Covers: exporter health, connections, cache hit ratio, transactions/sec, deadlocks, tuple operations, DB size, active queries, locks (Postgres); keys, evicted keys, network I/O, uptime, hit rate, ops/sec, memory, clients (Redis).

Row 8: Block Storage (8 panels)

Garage metrics from the admin API on port :3903.

Covers: disk usage, stored blocks, cluster health, connected nodes, storage nodes, partitions OK, resync queue, admin request rate.
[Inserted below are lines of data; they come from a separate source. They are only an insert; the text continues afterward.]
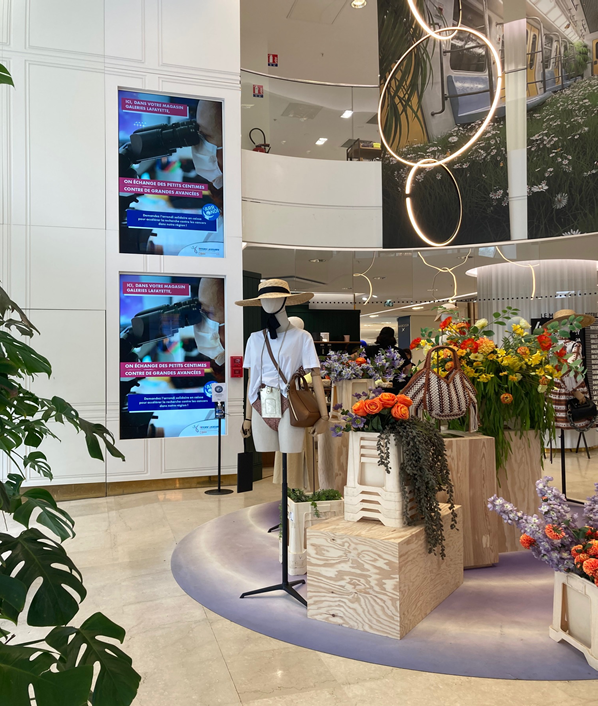 Lacassagne_Nice's tweet photo. Pour la 2ème année et durant tout l’été, les Galeries Lafayette Nice Massena font de la lutte contre le cancer un enjeu important et s’associent au Centre pour développer la recherche.
Prenez part à ce combat, en faisant un don en caisse ou sur notre site https://t.co/tPKlDibdJk https://t.co/UCnvOAGEeL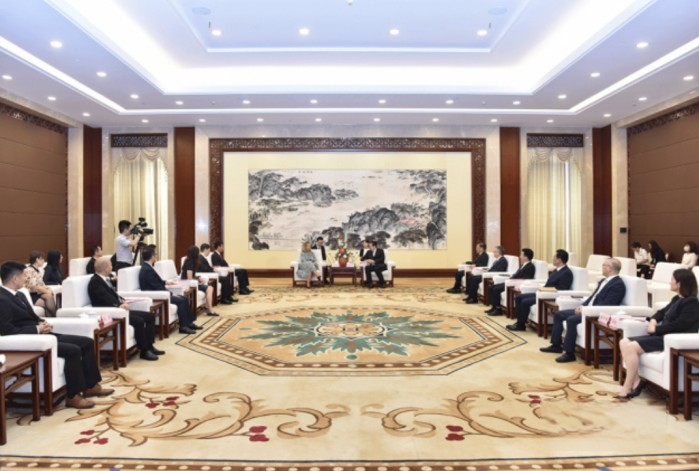 康明斯與卓品智能簽署合作協議，開拓軟件電子新機遇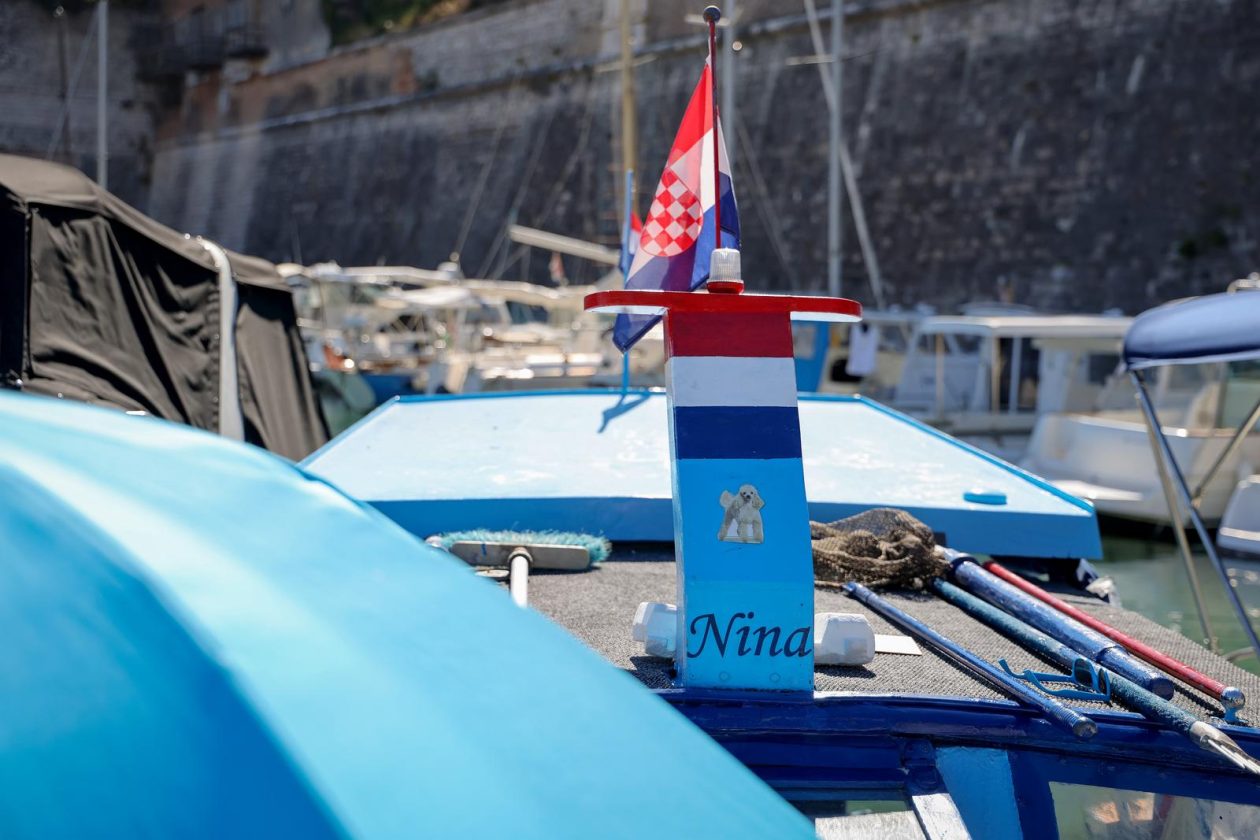 Venci Jurin i njegova pudlica Nina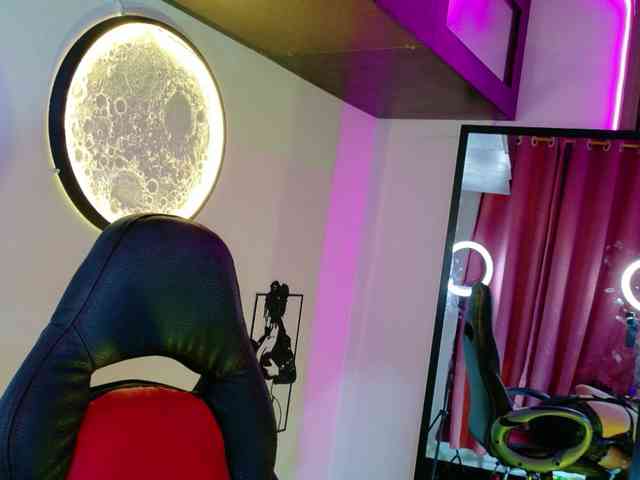 Alexa_lopez webcam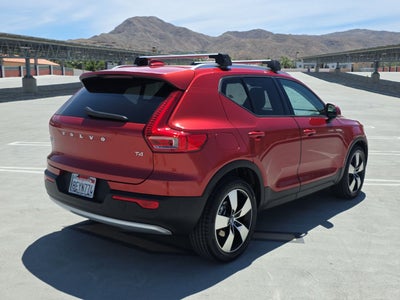 2019 Volvo XC40 Momentum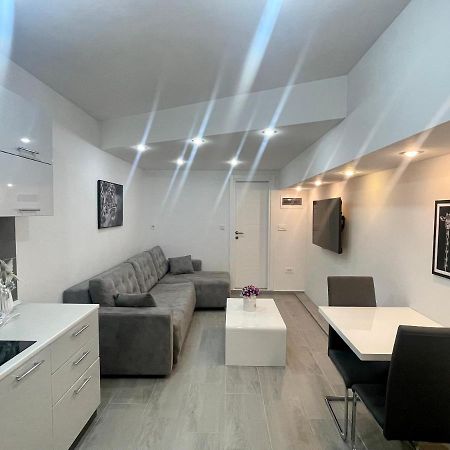 Apartment Diamond -Modern And Lovely Seaside Studio Apartment Kotor Exteriör bild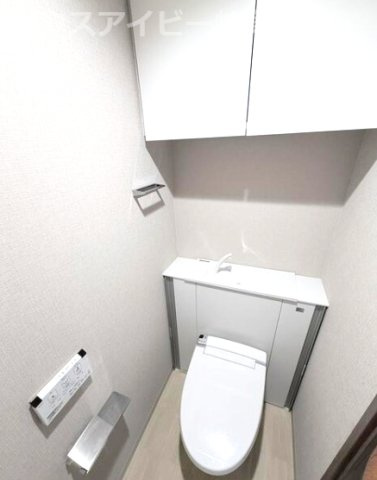 プレサンスロジェ岐阜長良橋通り2階部分！総戸数126戸の大型マンション！築6年！ペットの飼育可能♪のトイレ|プレサンスロジェ岐阜長良橋通り2階部分！総戸数126戸の大型マンション！築6年！ペットの飼育可能♪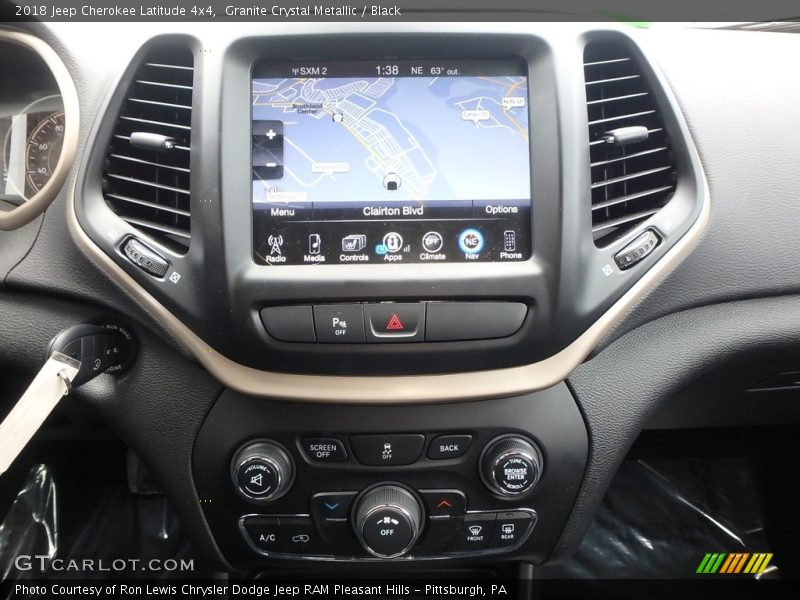 Granite Crystal Metallic / Black 2018 Jeep Cherokee Latitude 4x4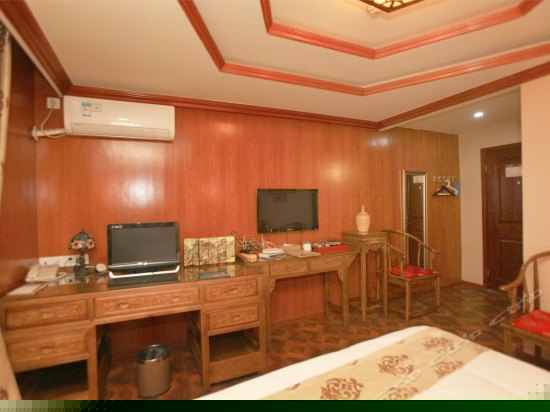 豪华风情大床房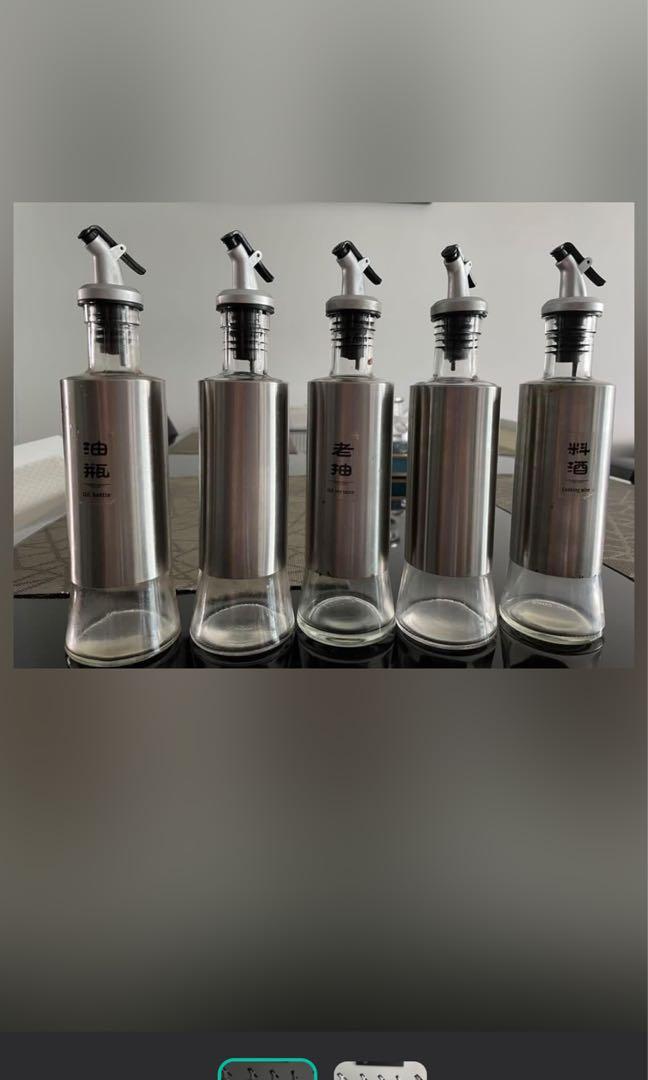 Sauce dispenser bottle, TV & Home Appliances, Kitchen Appliances, Other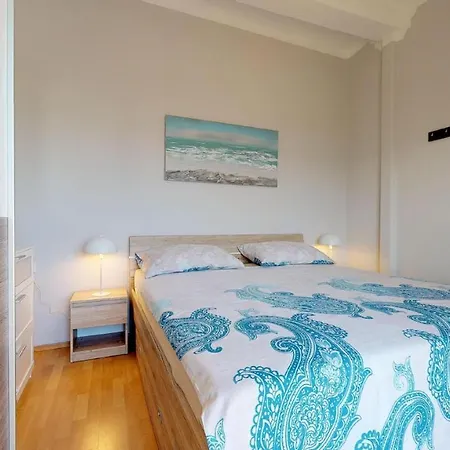 Apartmán Beachfront Mihovil - With Private Pool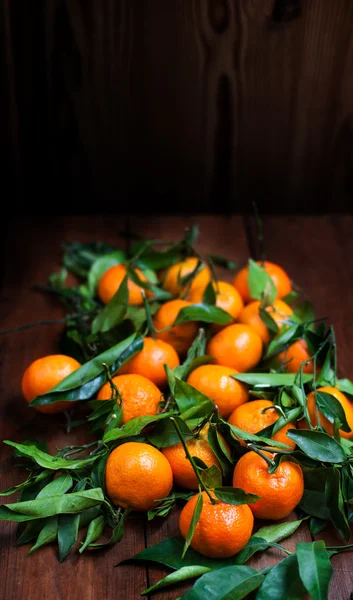 木制桌子上的橘子 — 图库照片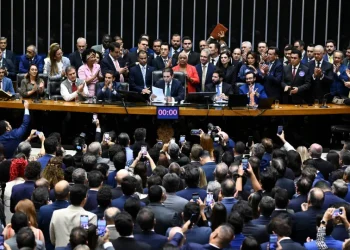 Entidades criticam retirada da imprensa na Câmara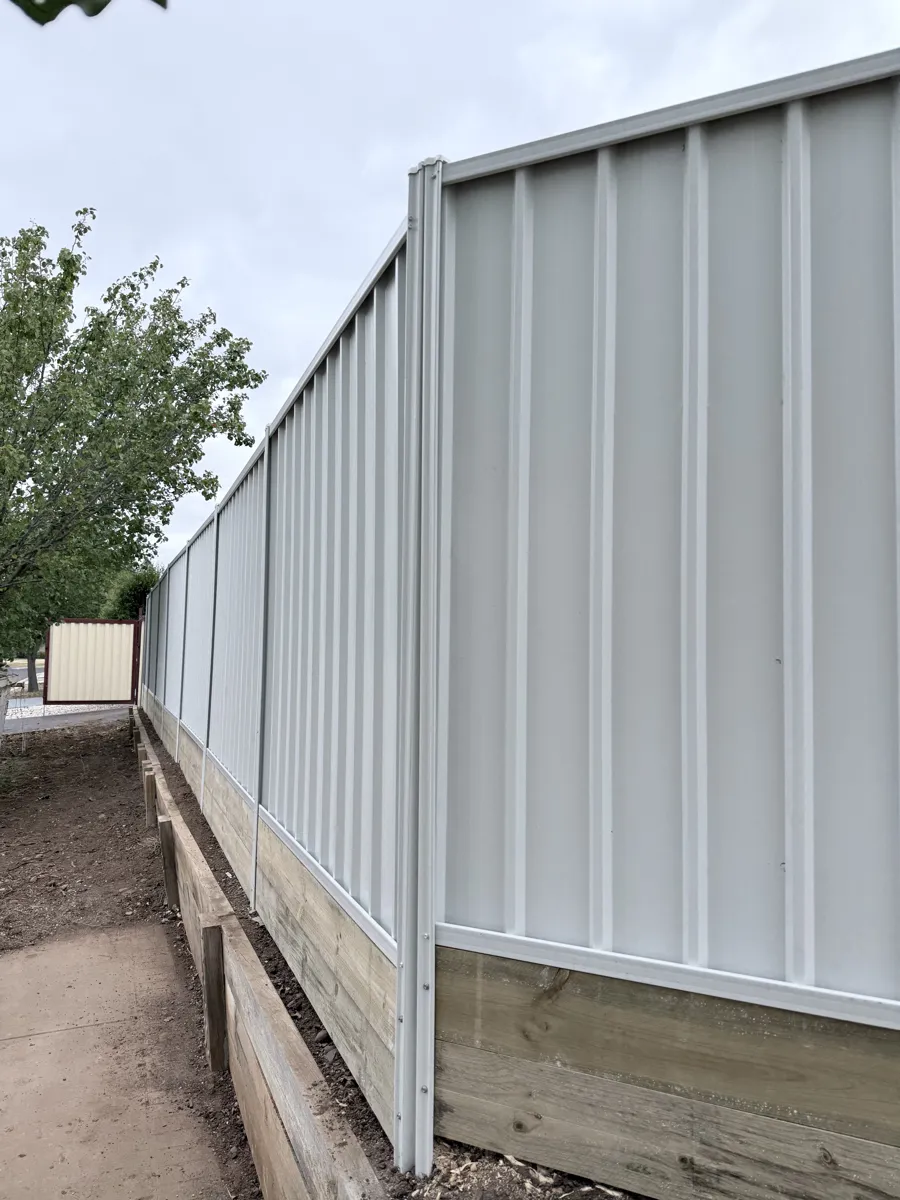 Colorbond fence run on a new build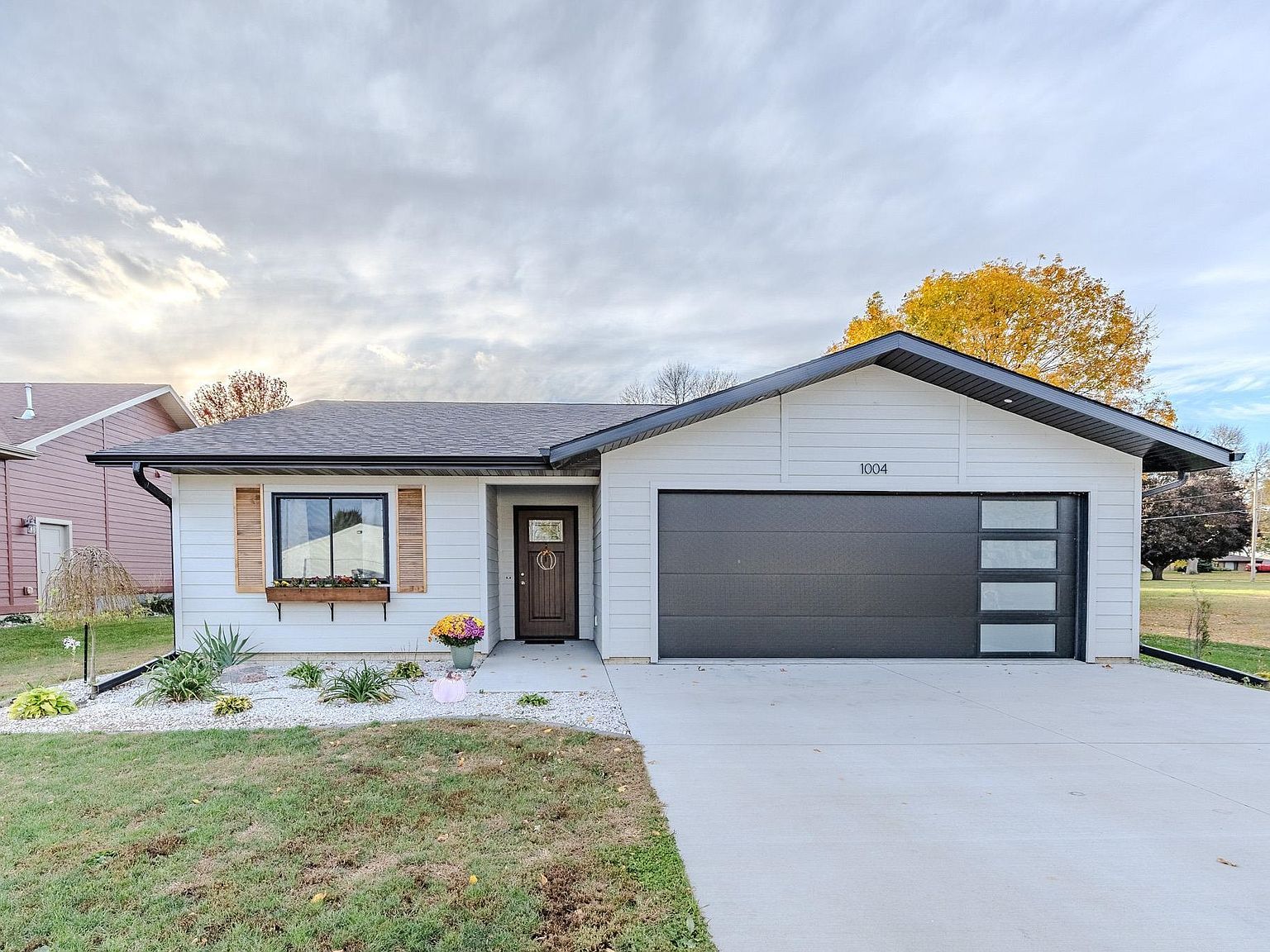 1004 Clayton St Lake Park, IA 51347 - Thumbnail 3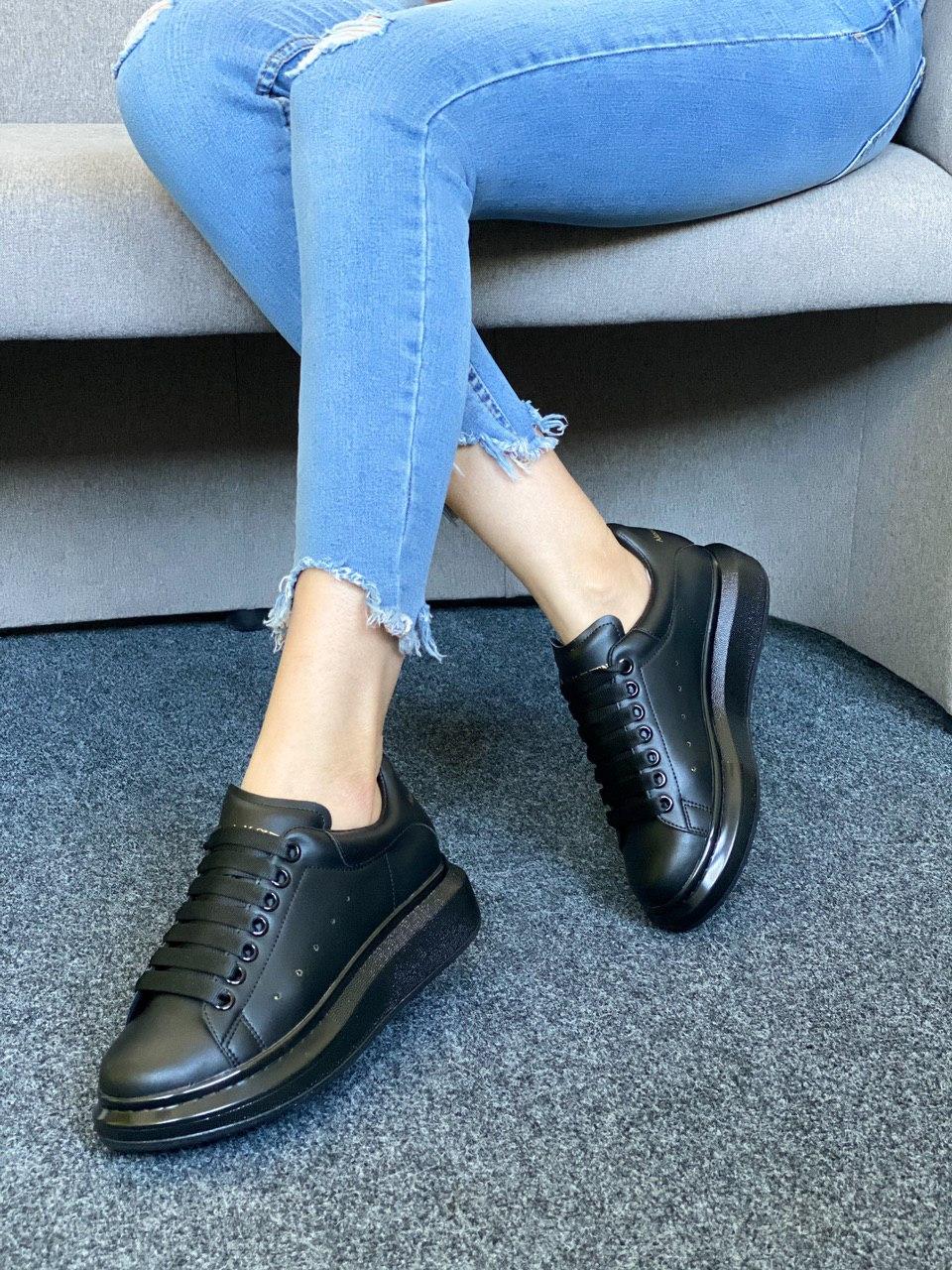 Alexander McQueen Low Triple Black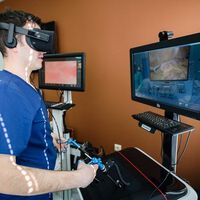 3D очила за виртуална реалност допълват обучението по хирургия в МУ-Варна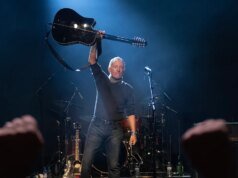 A recusa do músico Kenny Chesney em falar abertamente sobre política gera discussão em ‘The View’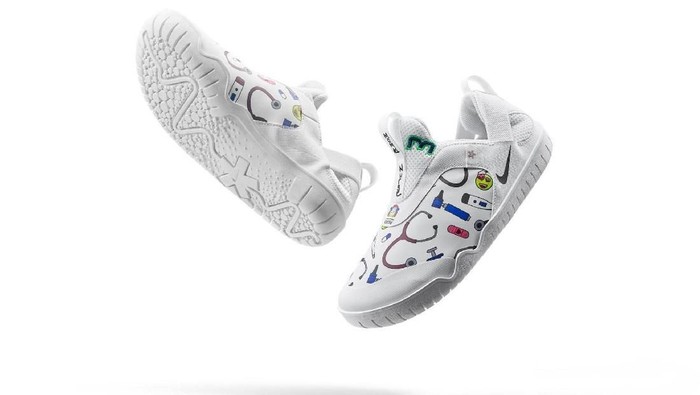 Sneakers khusus dokter dan suster dari Nike. Foto: Dok. Nike Sneakers khusus dokter dan suster dari Nike. Foto: Dok. Nike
Row 9: Orchestration (9 panels)

Airflow metrics from the StatsD exporter on port :9102.

Panel Description
DAGBag Size Number of DAGs loaded
Airflow Task Instances Task instance counts by state
DAG Parse Time Time to parse DAG files
Scheduler Executable Tasks Tasks ready for scheduling
Triggerer Capacity Triggerer slot utilization
Executor Tasks Tasks in executor by state
Scheduler Heartbeat Scheduler liveness
DAG Import Errors DAG loading failures
Pool Slots (default_pool) Pool slot utilization

Alerting

Alert rules are provisioned from monitoring/grafana/provisioning/alerting/rules.yml. They cover batch stalls, accuracy degradation, resource saturation, GPU temperature, and service availability. Alerting is present in the configuration but has not been tested yet.

For a complete reference of available metrics and their Prometheus names, see Performance Metrics.